The Environmental Justice Australia team

 

What does the Climate Justice Legal Project Initiative do?

CJLP is a partnership between the Federation of Community Legal Centres, Environmental Justice Australia, and the Climate Council and is the first of its kind. They are working together because they believe the climate crisis brings into sharp focus the need to redesign laws, institutions, policies, and services so they work for all of us, and not just some of us. This includes empowering communities to create climate solutions that work for them and addressing economic insecurity, access to healthcare, child and elder care, gender discrimination and systemic racism.

The Climate Justice Legal Project (CJLP), over the next three years, will

  • Build capacity and support community lawyers and organisations to identify and address the impacts of climate injustice

  • Run litigation on behalf of individuals and communities experiencing climate harm to help shape legal and policy reform.

  • Amplify the voices of individuals and communities with lived experience, to advocate for faster, fair, and more ambitious climate action.

Why is this work important?

The new Federal Parliament looks set to deliver improved action on climate, however, it is critical that the community holds them to account, particularly around climate justice.

Already, people across Victoria are experiencing the impacts of climate breakdown – but not evenly. Those who have contributed least to this crisis are already paying the highest price: like First Nations communities who have cared for Country for 65,000 years, despite mining corporations aggressively harming heritage and land.

People are living with polluted air and water, and overstretched health services. Communities are living with low wages and insecure work. Families are struggling to feed their kids while governments pursue policies that prioritise corporations over the wellbeing of people.

Small towns are trying to rebuild, having lost everything in floods and bushfires. Young people are inheriting an unstable world and facing an uncertain future. People are fighting relentlessly for what are basic human rights.

Too often, people in these communities cannot afford to weatherproof their homes or move to higher ground. And when disasters hit, they are more likely to be uninsured or turned away from the places that are supposed to help them.

Lawyers in community legal centres work every day with people experiencing climate injustice.

Often when people seek help at a community legal centre, what might initially look like an isolated legal issue – such as credit, housing, or debt matter – can be exacerbated by climate change.

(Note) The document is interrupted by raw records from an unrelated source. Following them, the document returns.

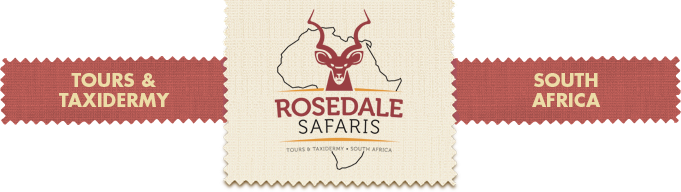 Rosedale Safaris &ndash; Tours & Taxidermy &ndash; South Africa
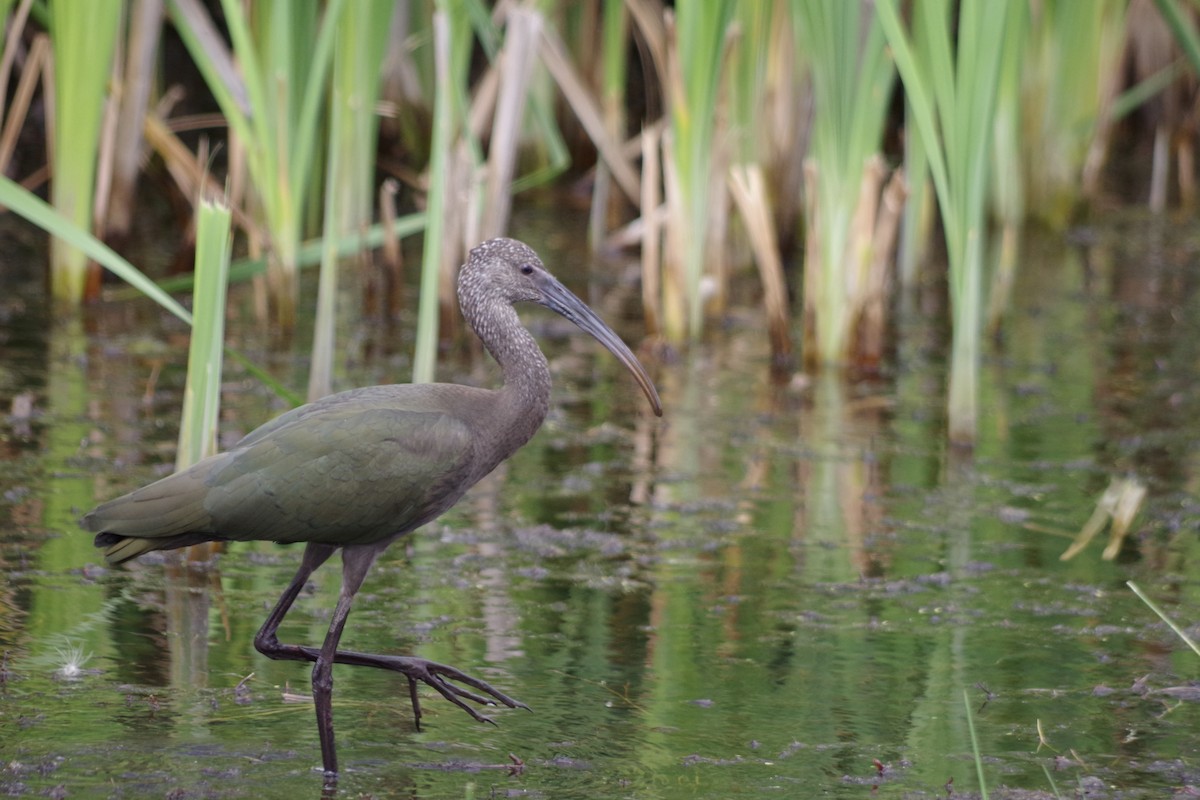 White-faced Ibis - ML623531744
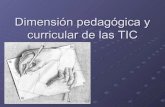 Dimensión Pedagxgica y Curricular de las TICs
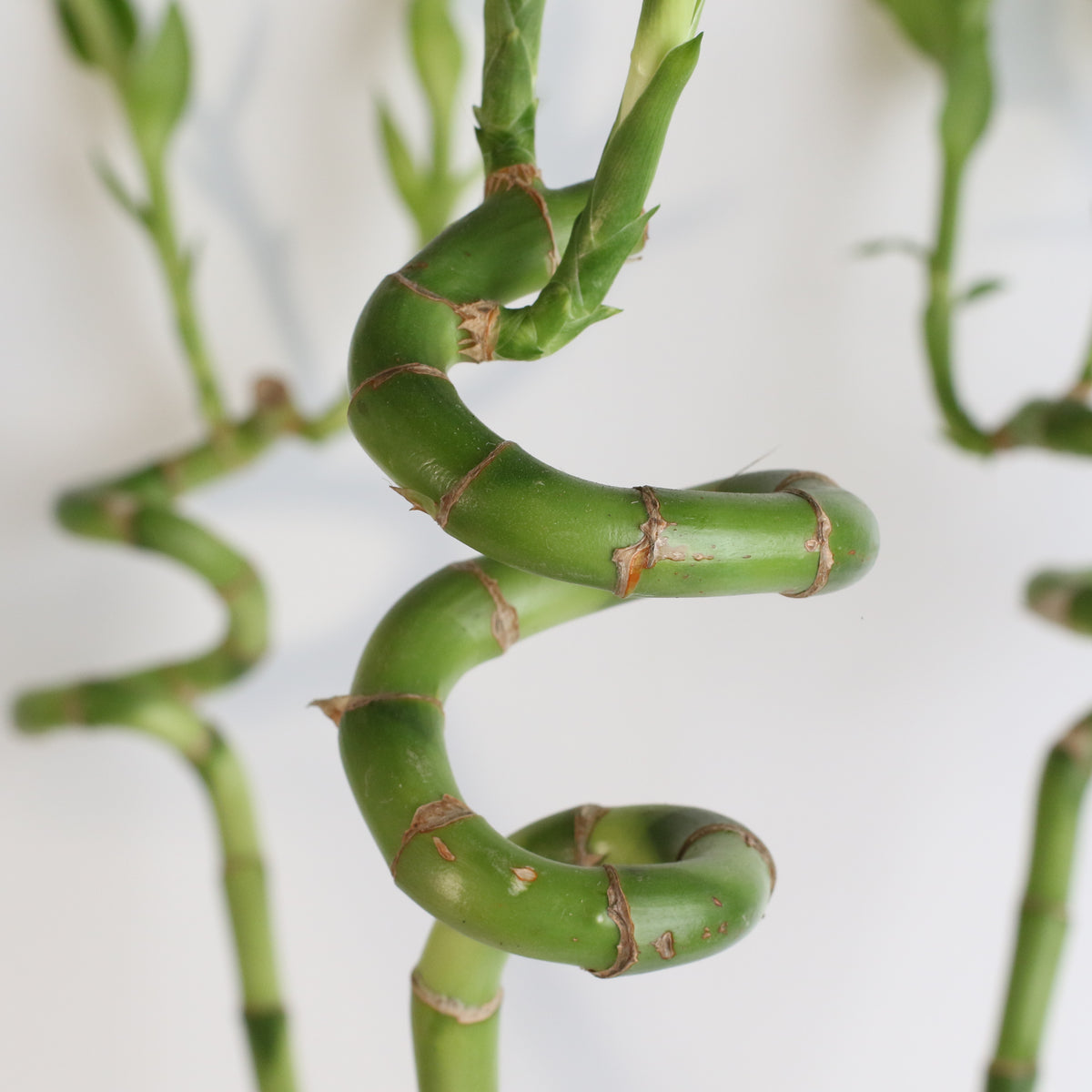 Lucky Bamboo Twists Water Plant XL 46"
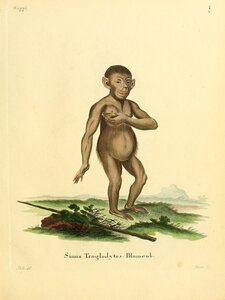 Chimpanzee
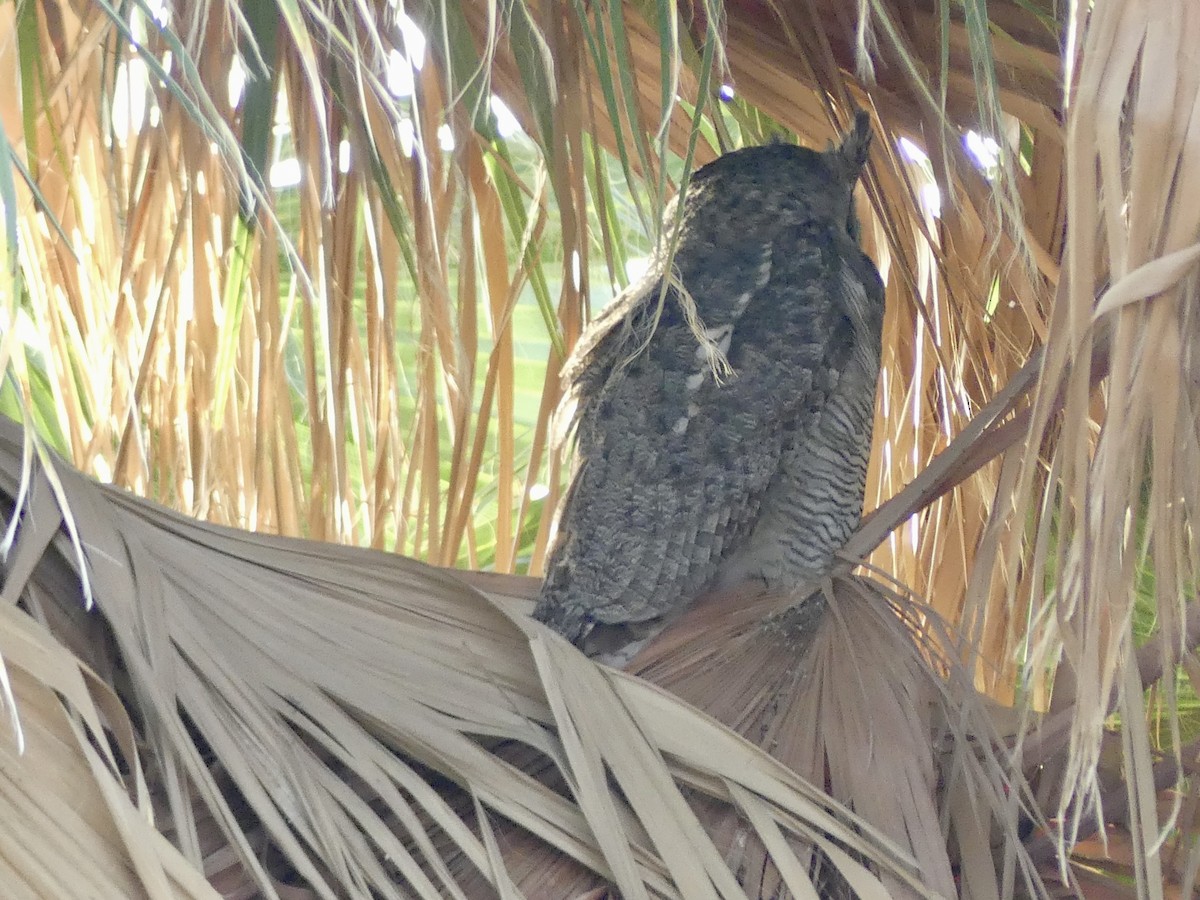 アメリカワシミミズク - ML647838786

This project exists believe these links between community legal problems and climate breakdown cannot be ignored, and in the context of rolling climate disaster events for local communities, we believe we can support better outcomes for people on the ground.

How is Groundswell supporting this work?

With Groundswell’s support, CJLP intends to:

  • Train and support community lawyers to identify and address the impacts of climate injustice. Tracking trends in community legal centre data will inform public interest climate litigation, and in turn shape legal and policy reform.

  • Identify issues with our current laws, services, and institutions – then act in the courts and before government and corporate decision-makers to drive faster, fair, and more ambitious policy that serves communities in a climate-impacted world.

  • Support communities with legal support and advocate for better resources to build resilience and agency as they prepare for and respond to climate disasters.